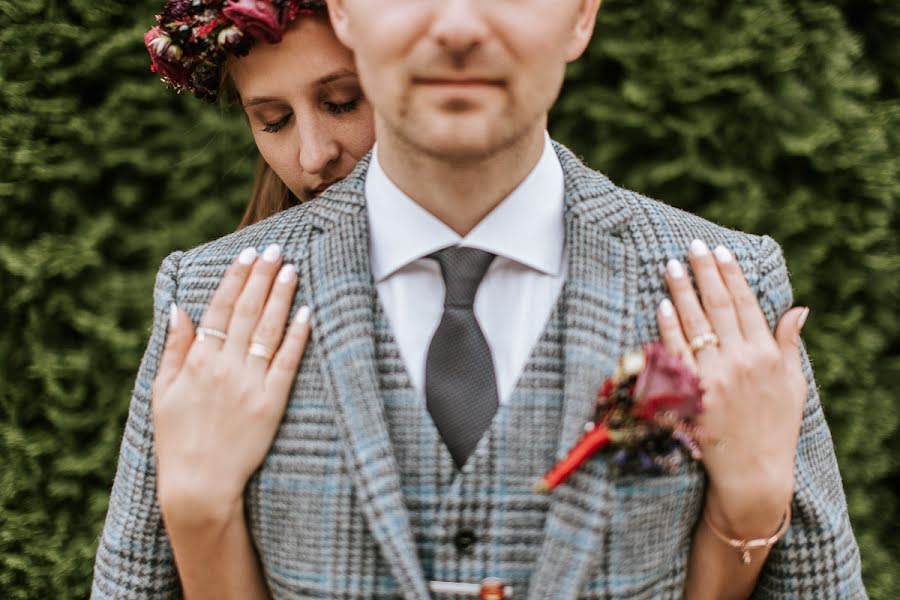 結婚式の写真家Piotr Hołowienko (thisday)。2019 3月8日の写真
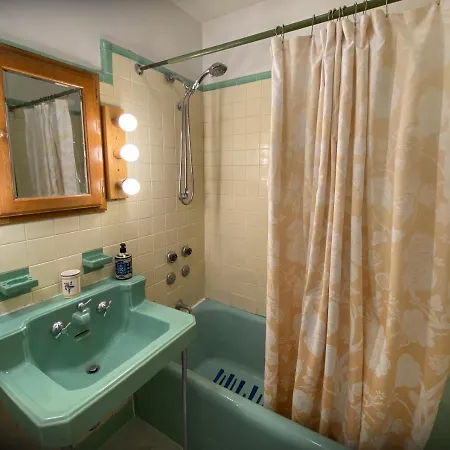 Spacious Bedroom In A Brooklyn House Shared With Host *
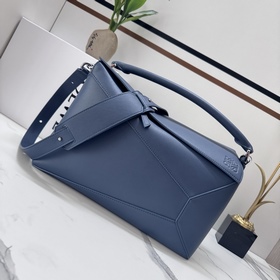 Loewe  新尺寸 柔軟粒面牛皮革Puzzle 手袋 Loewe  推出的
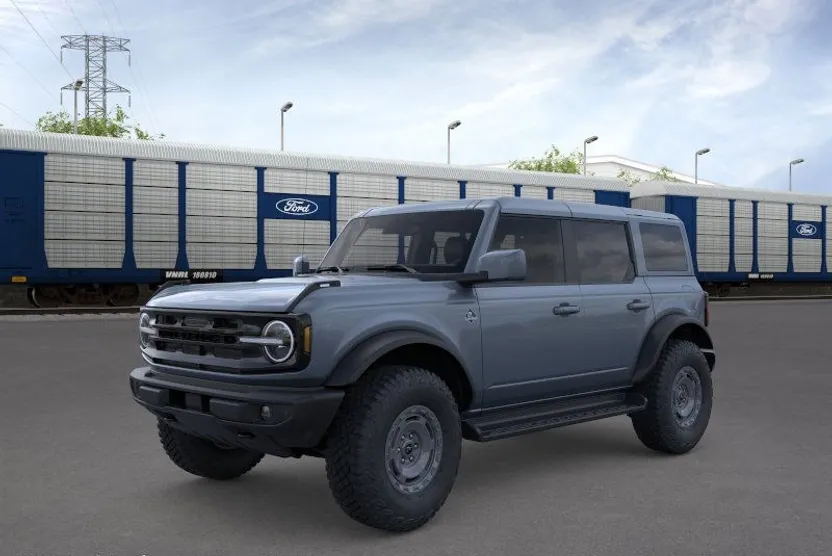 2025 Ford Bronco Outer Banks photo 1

> [Task brief] Leaving the pictures out, set down all of the data again exactly.

> [Answer space]
 結婚式の写真家Piotr Hołowienko (thisday)。2019 3月8日の写真
 Spacious Bedroom In A Brooklyn House Shared With Host *
 Loewe  新尺寸 柔軟粒面牛皮革Puzzle 手袋 Loewe  推出的
 2025 Ford Bronco Outer Banks photo 1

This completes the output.